The bad news: As the recession proved, not every part of the country is created equal, and some of those areas remain among the country’s weakest. For example, Las Vegas and Florida, two of the best-known housing weak spots, remain challenged by a depressed housing market. And while there’s certainly a bounce happening, effects from the recession still linger, with nearly 20 percent of mortgages remaining underwater. It’s unclear whether recent developments—like higher payroll taxes or sequestration—could reverse the positive trends currently happening in the economy.

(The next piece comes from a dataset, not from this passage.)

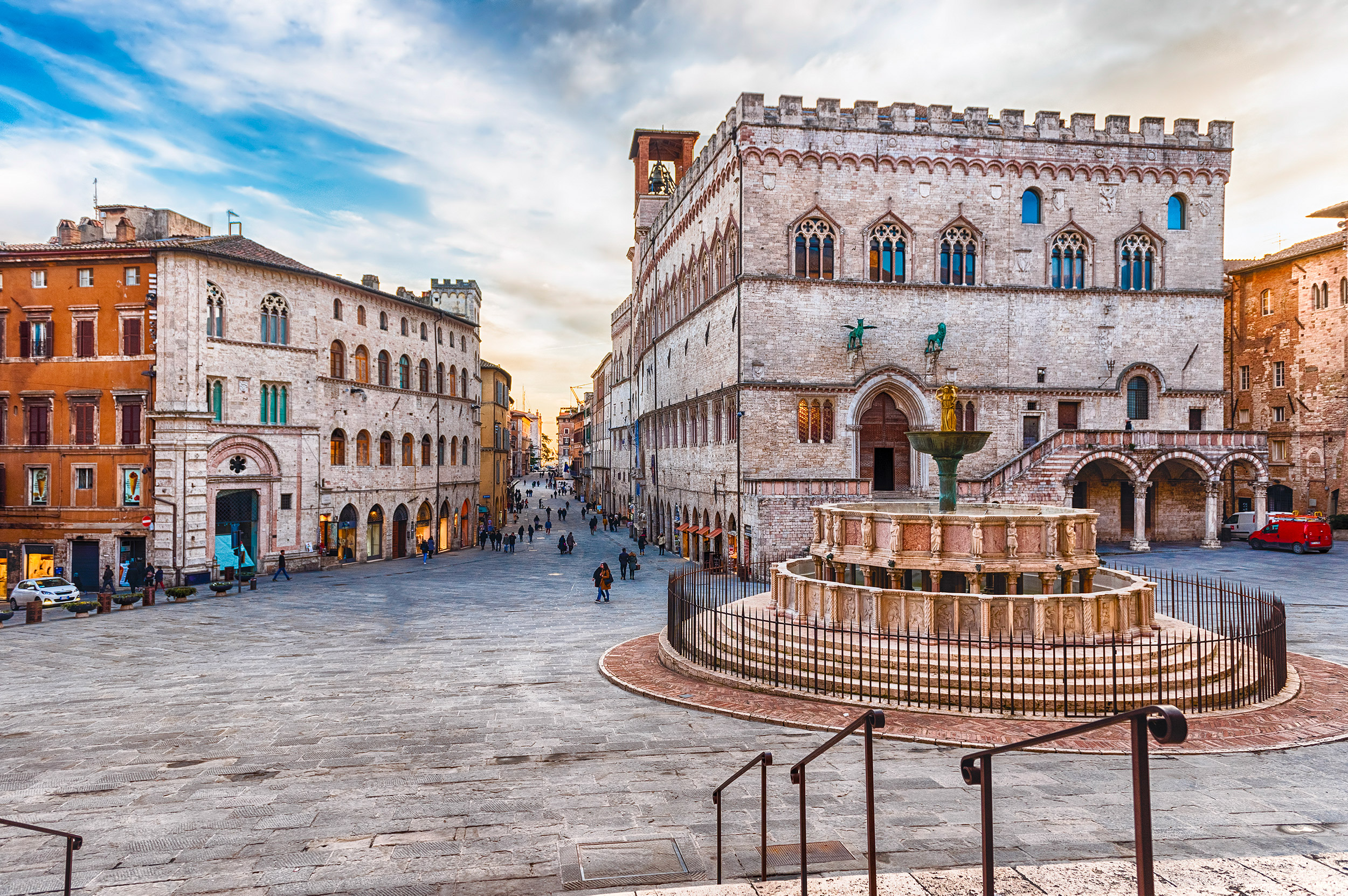 Perugia — Cartello QR GetYourGuide Umbria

But what about other factors? On the other hand, maybe people just like where they are. Writing on The Washington Post’s Wonkblog, Brad Plumer explains the reasoning here: Basing his insight on a new Federal Reserve study [PDF], he notes that upward mobility may play a major factor in getting people to stay put. “Their working hypothesis is that ‘internal labor markets’ within companies have changed in such a way that workers are less likely to leave,” he notes. “Perhaps that’s because workers are better able to match up with an employer from the outset—thanks to Internet searching, say—so they’re more likely to stay with their company longer.”